Le futur ex-président du Comité international de la Croix-Rouge (CICR) va quitter l'organisation humanitaire en plein conflit armé en Ukraine. Si le CICR a pu rendre visite à quelques centaines de prisonniers de guerre ukrainiens et russes, le compte est loin d'être bon, regrette-t-il.
"Malheureusement, nous n'avons pas encore réussi à obtenir un accès plus important, alors que des milliers de soldats ont été faits prisonniers. Nous sommes impuissants parce que les parties au conflit ont parfois tendance à penser l'humanitaire comme transactionnel et non pas comme une norme à réaliser et à suivre", indique Peter Maurer.
Voir aussi les efforts
D'une manière générale, le Bernois assure toutefois que les Etats ont fait des progrès en matière de droit international humanitaire. "Les dirigeants sont souvent confrontés à des hiérarchies militaires et sécuritaires pour mettre en oeuvre cette aide. Notre action est justement ciblée sur ces difficultés.

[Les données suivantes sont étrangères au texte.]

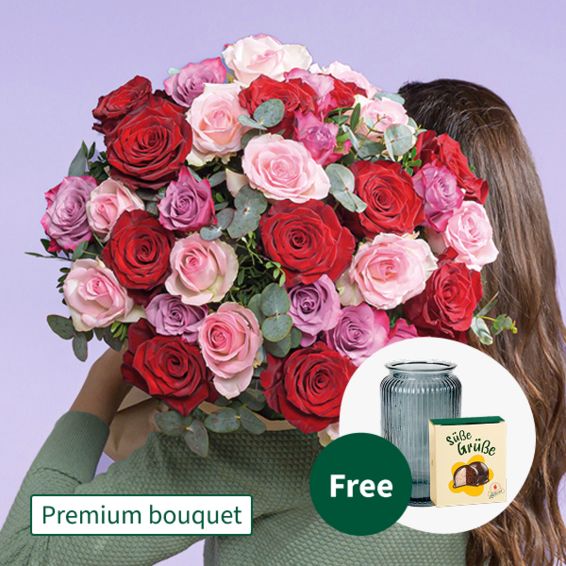 Premium Bouquet Lieblingsmensch with Premium Vase & Halloren Balls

Il faut aussi voir tous les efforts qui sont faits pour respecter les populations civiles. L'image est davantage grise que noir et blanc."

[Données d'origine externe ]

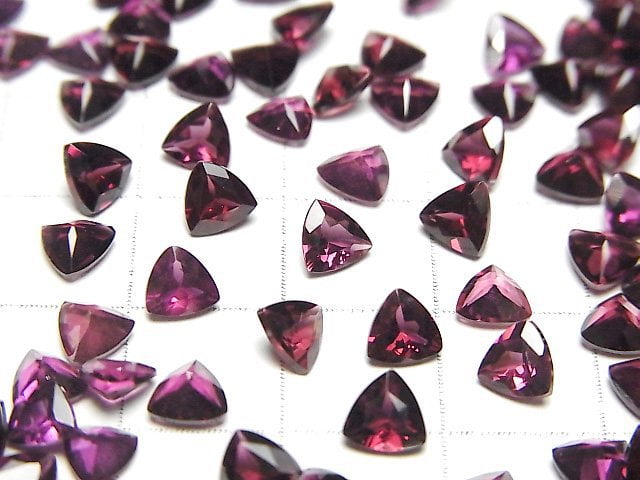 [Video]High Quality Rhodolite Garnet AAA Loose stone Triangle Faceted 5x5mm 5pcs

Au cours de sa carrière, Peter Maurer n'a pas hésité à se rendre au plus près de la guerre pour défendre les intérêts du CICR. Il s'est notamment rendu en Ukraine au mois de mars dernier pour demander un accès humanitaire accru.
"Je n'ai jamais vraiment eu peur. L'institution a des procédures de sécurité auxquelles je fais confiance. Quand on est une organisation de ligne de front comme le CICR, il faut montrer, du président au dernier délégué, qu'on est prêt à prendre des risques. C'est aussi un élément d'espoir pour les victimes", relève le Suisse.
"Un acteur crédible"
De Vladimir Poutine à Angela Merkel, Peter Maurer a côtoyé les plus grands chefs d'Etat. "J'ai toujours eu envie de pouvoir transmettre à ces dirigeants une réalité qu'ils ne connaissent souvent pas. Ils ne sont pas toujours conscients des dimensions humanitaires. J'ai beaucoup apprécié ces situations dans lesquelles je pouvais être un avocat du vrai."
Selon lui, le CICR a gardé toute son aura. "Je n'ai pas l'impression, par la qualité des discussions que nous avons avec l'Ukraine, la Russie et beaucoup d'autres belligérants, que la neutralité et l'impartialité de notre organisation sont remises en question. Les canaux pour dialoguer sont toujours ouverts, nous sommes un acteur crédible."
Au 1er octobre, Mirjana Spoljaric Egger remplacera Peter Maurer à la tête du CICR. La diplomate suisse sera la première femme à assurer cette fonction. De son côté, le Bernois reprendra la présidence du Basel Institute on Governance. Il a également été élu au conseil d'administration de la Zurich Assurance.